Others on the council approved of the idea since the town would “get more bang for our buck.” But at that time the motion to approve the strategy died in a 3-3 vote.
This week, Turk and Croll returned with a tighter plan and addressed some of the council members’ previous concerns. The advertising funds for the co-op would be drawn from the existing budget for golf in the destination-advertising budget. The year-end package rounds report from Ocean City Golf Getaways would be used to determine the percentage of funds’ eligibility per packager.
The example presented was if a packager’s year-end results show that it booked 30 percent of packaged rounds in Ocean City it would be eligible for $20,000 in matching funds provided it meets the eligibility and disbursement requirements.
According to Turk, the co-op would benefit the town by bringing the entire group of businesses that benefit from golf together creating more of a powerful force for building golf travel to Ocean City. There were 80,000 golf package rounds played on area golf courses in 2010, compared to 10 years ago when it was 100,000.
Turk referred to the plan as a “win-win-win” proposal. Cooperative marketing will bring more visitors, increasing the revenue for other businesses in town. More golfers in town will increase tax revenue, which could mean more advertising money for the future.
Mayor Rick Meehan, Council Secretary Lloyd Martin, Councilman Doug Cymek and Councilwoman Mary Knight attempted to persuade the rest of the council to support the plan.
“I know the council has had issues with Pam’s in the past but that was a different entity all together,” Meehan said. “I know we have backed away from the new entity for a number of years, and I think that they have established themselves and their credibility.”
Cymek said approving the plan is a “no brainer.” He explained that the town is not spending any more money, and that it is the same $60,000 in the golf budget just allocated differently.
“There is nothing wrong with this. Four to one internal investment, Eagle’s Landing is going to get all the benefit, it makes sense,” he said.

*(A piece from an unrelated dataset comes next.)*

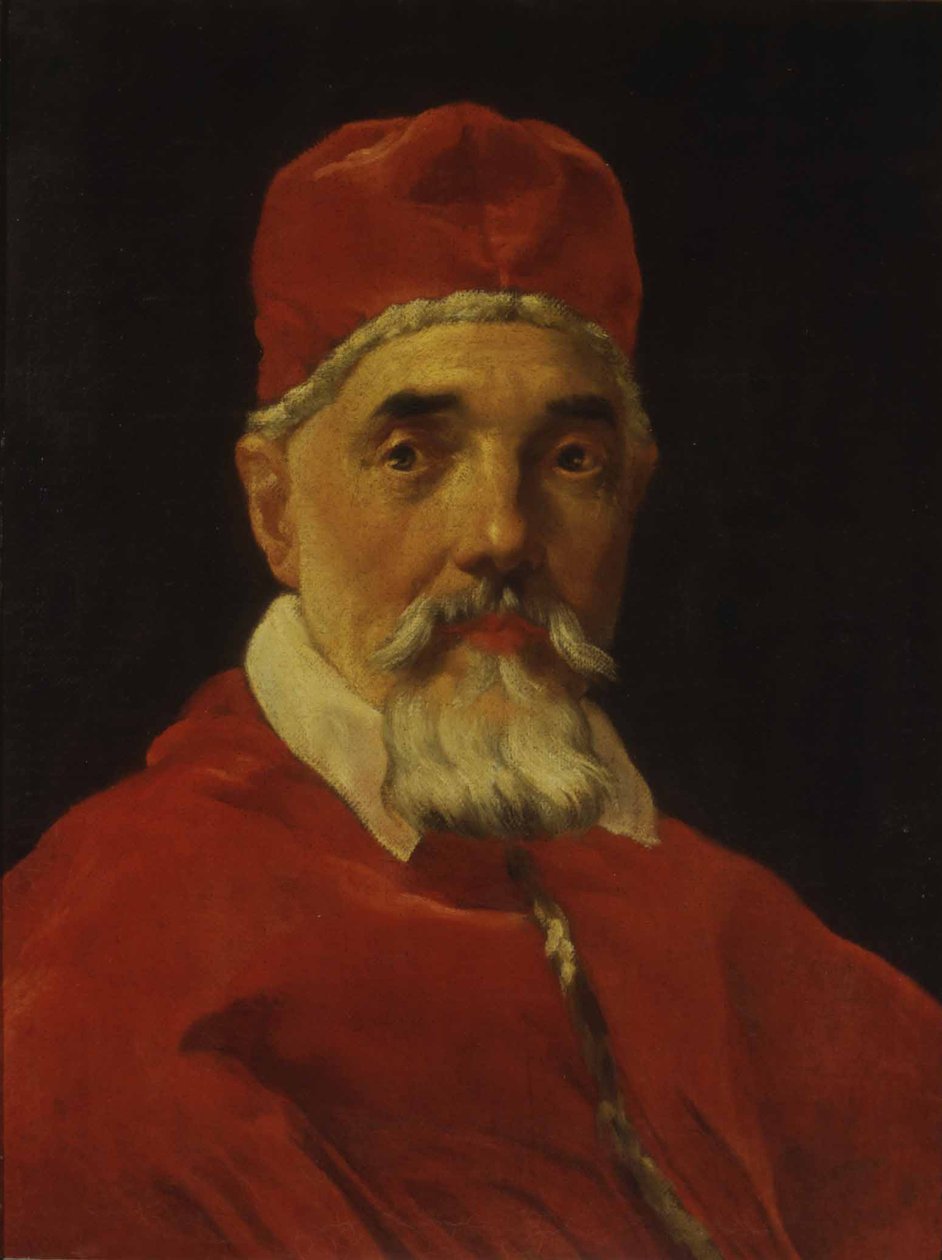 Porträtt av påven Urban VIII av Gian Lorenzo Bernini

Knight said that by giving golf packagers an incentive it will give them more of a reason to spend money in advertising.
“I see this personally as even growing more than four times to one, I would like to invest $100 and next year have $400 let alone have $60,000 and then getting $224,000,” she said.
Meehan asked the council to give the strategy a try for at least a year.
“It’s the same knowledge…we should be able to see the results, we should be able to look at the rounds played in Ocean City as a whole and also at Eagle’s Landing…I think you’re going to be able to see those dollars are well spent. If not we will be in the same position and we will re-allocate next year,” he said.
Martin reviewed the list of golf packagers that the town would be partnering up with, such as Harrison Group Golf, Clarion Resort and Commander Hotel.
“All these people book golf…if we can bring those dollars to our room [hotels] that’s our room revenue…I think it’s a win-win,” he said.
Councilman Brent Ashley said he thought the co-op just complicates the matter, saying, “The rounds are already up. I think what you are doing here is creating a monitoring nightmare.”
Councilman Joe Hall said he was closer to approving the idea but “not there yet.”
“If the motion could be adjusted to endorse the concept and allow Deb to go forward in front of TAB [Tourism Advisory Board] and present the idea, I would ask them to give a recommendation and give oversight on the marketing budget,” he said.
The Golf Co-Op Marketing Plan died for the second time in a vote of 3-3, with Council President Jim Hall absent.
“I think we have the ability to make decisions, I’m sorry you don’t,” Meehan said. “You win the battle but loose the war Mr. Hall.”